落語/落語関連情報

うなぎと落語(2ページ目)

もうすぐ、土用の丑の日。うなぎは江戸時代から庶民の憧れで大好物だったようで、落語のほうにも多数登場します。今回は、その「うなぎ」を題材とした落語を紹介いたします。

執筆者:清水 篤司

鰻の幇間(たいこ)

落語名人選 鰻の幇間/干物箱:桂文楽(八代目) 幇間が登場する落語は
うなぎが登場する落語で最も有名な演目がこれでしょう。短く分かりやすい噺なので季節を問わず寄席や落語会で聴くことができます。

幇間は太鼓持ち(たいこもち)や男芸者などとも呼ばれ、宴席やお座敷などの酒席において主賓や客の機嫌を取りながら芸者を助けて場の雰囲気を盛り上げ、その宴席の客や店からのご祝儀(チップみたいなもの)で生計を立てていました。現代でいうと宴会部長が職業といったところでしょう

主人公は野幇間(のだいこ)の一八(落語の幇間の名前はたいてい一八)。野幇間とは特定の旦那を持たずに、お金を持ってそうな旦那衆に手当たり次第に近づき「よいしょ」しまくりご祝儀を頂く、いわばフリーの幇間のことです。

内容はご祝儀に預かろうと路上でお金持ちそうな旦那をみつけ、あることないこと言って擦り寄り、うなぎをごちそうしてもらうことになるのですが、この旦那であろう人物というのが一枚上手で一八が二階で飲んだり食ったりしてうるちに自分は帰ってしまいます。結局、うなぎ屋で飲み食いした代金だけでなく、その旦那と思っていた人物のお土産代まで支払い、自分の下駄まで盗まれてしまうという間抜けな幇間のお噺です。

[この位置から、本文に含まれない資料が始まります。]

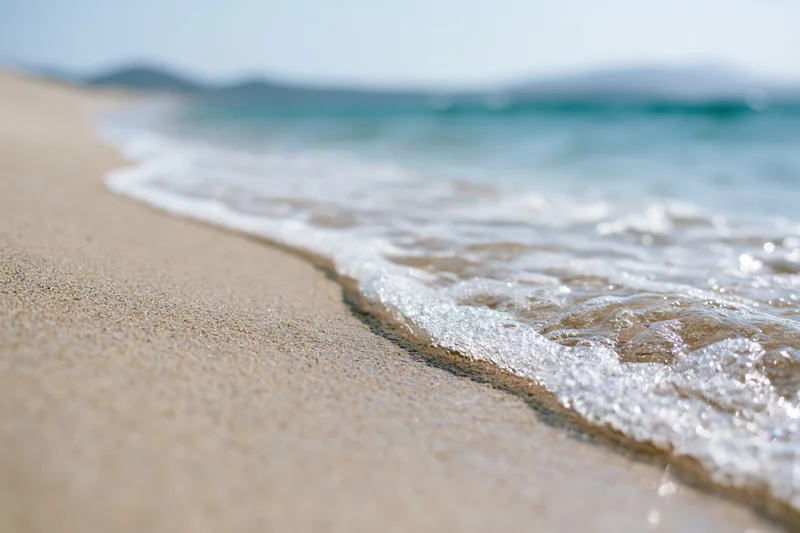 Gentle wave washing over sandy beach at shoreline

残念なことに、この噺に登場するうなぎ屋は薄汚く、肝心のうなぎも美味くないようで(噺の中で一八が不味さを表現)、美味しいうなぎは登場しません。

後生(ごしょう)鰻

古今亭志ん生 名演大全集 1 火焔太鼓/黄金餅/後生うなぎ/どどいつ、小唄/
志ん生の十八番である「火焔太鼓」「黄金餅」も収録されたお得なオススメの一枚。
この噺も出てくる店の主人がうなぎ屋というだけで、特にうなぎが食べたくなるような描写は一切ありません。

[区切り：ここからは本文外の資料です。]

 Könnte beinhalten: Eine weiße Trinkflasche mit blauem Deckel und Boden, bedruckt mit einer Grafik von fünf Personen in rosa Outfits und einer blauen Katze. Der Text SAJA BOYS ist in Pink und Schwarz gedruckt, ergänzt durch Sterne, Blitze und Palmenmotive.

内容はネタばれするとちっとも面白くない落語なので明記しませんが、めちゃくちゃブラックで、ちょっとドキッとするようなサゲ(落ち)があります。

この落語は名人上手と呼ばれる数多くの噺家のCD音源があります。その中でも一押しなのが古今亭志ん生のものです。志ん生独特の語り口によってかなりブラックなサゲもさっぱり聞けます。


うなぎを食べたくならない、うなぎ落語?

他にも「素人鰻」(八代目・桂文楽がオススメ)や「うなぎ屋」(五代目・柳家小さんがオススメ)などがありますが、どの演目も他の食べ物を扱った演目(時そば、風邪うどん、まんじゅうこわいなど)とは違いうなぎを美味しそうに食べるシーンがありません。

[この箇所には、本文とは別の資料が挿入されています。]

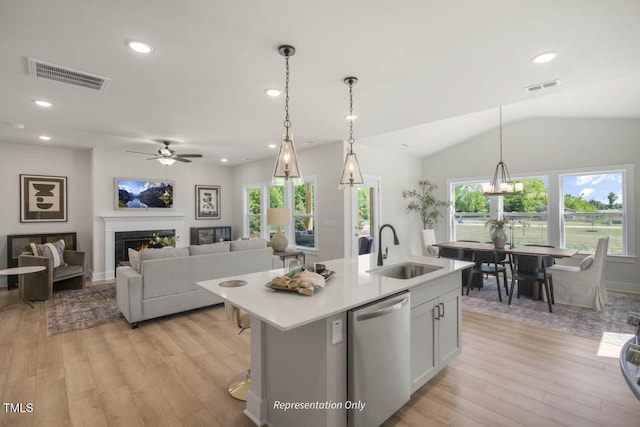 kitchen with a lit fireplace, stainless steel dishwasher, a sink, and visible vents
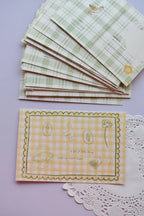 Close-up of the front of the postcard featuring the yellow and white wide gingham background with the line-art sketches of a basket, duck, and flowers, and the quote, "A lot of little things make my heart happy."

それゆえ、どの噺を聞いても特にうなぎが食べたくなくるような心持ちにはあまりなりません。これが演目の題名にうなぎがついている落語の特徴といえるでしょう。

とはいってもうなぎが数多くの落語の演目に登場してくるところをみれば、江戸時代からうなぎは庶民の憧れで大好物だったことにはかわりません。そんなところがうなぎが現代でも日本食を代表する食べ物であるゆえんかもしれませんね。